MAGGIE ESTEP – Flamethrower

Three Rivers Press; trade paperback. First Edition, September 2006.

   This is the third in Maggie Estep’s Ruby Murphy mystery series, and as usual, I came in late. The first two were Hex (Three Rivers, March 2003) and Gargantuan (Three Rivers, July 2004), and while I’ve been meaning to – and I haven’t yet – my intentions are to get my hands on the first two as soon as possible.

   If I thought that Doug Swanson’s Dreamboat was somewhat over-the-top and humorous, and I did, I certainly didn’t see this one coming. Ruby Murphy, who lives as low-key and laid-back a life in Brooklyn and environs (post-Giuliani Manhattan, Queens, Coney Island) as anyone possibly could, begins this episode with a visit to her psychiatrist, Dr. Jody Ray. Ruby has been seeing Jody since the death of someone she cared about – well, Attila, her lover – in a previous book. Unfortunately, not having read the previous book, this did not mean a lot to me, personally, but having a sociopath murder someone close to you right before your eyes, I grant you, maybe a psychiatrist could help.


   And Ruby’s new boyfriend is obsessed by a new object of his affection, his new horse, making this her primary complaint to Jody during this particular visit. Which is summarily interrupted when Ruby discovers, you will not believe this, one of Jody’s husband’s legs in the fish tank outside her office.

   “Oh shit,” Jody said.

   That’s when you know that you have a story that has gone completely off the tracks, and in fact there are no tracks in sight. Where, oh where, you could most reasonably ask, could a story possibly go from here? The quote above came from only page 11 and continues thusly:

   Ruby started wishing she were home, in bed, with the covers pulled over her head. Instead, she was standing there, watching her psychiatrist vomit. Dr. Jody Ray had evidently eaten Chinese food for lunch.

   Eventually, a few twists and turns of the plot later, Ruby is hired (after being mysteriously (and falsely) fired from her job at the Coney Island Sideshow Museum) to find the missing doc, who seems to have a past history that Ruby knew nothing absolutely about, including (page 211) the aspect of the previously mentioned past from which the title of the story arises.

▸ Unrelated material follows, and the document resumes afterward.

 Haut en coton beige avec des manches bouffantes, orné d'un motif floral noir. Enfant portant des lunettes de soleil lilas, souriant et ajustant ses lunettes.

   That the last 12 pages have nothing to do with the mystery end of things tells you something about where the priorities lie in the Ruby Murphy mysteries: not all that so very high. And truth be told, mystery-wise you will have had to have read the other two books to reap all you should from this one. The last chapter is about Ed, the new boyfriend, who became somewhat estranged from Ruby partway through this one, and Ed’s new horse, and Ruby’s new dog Spike.

   That you might not care (that the last 12 pages have nothing to do with the mystery end of things) – and I didn’t – shows you what kind of writer that Maggie Estep is, and how finely etched her characters are. Or, on the other hand, you being you and not me, it might do absolutely nothing of the kind.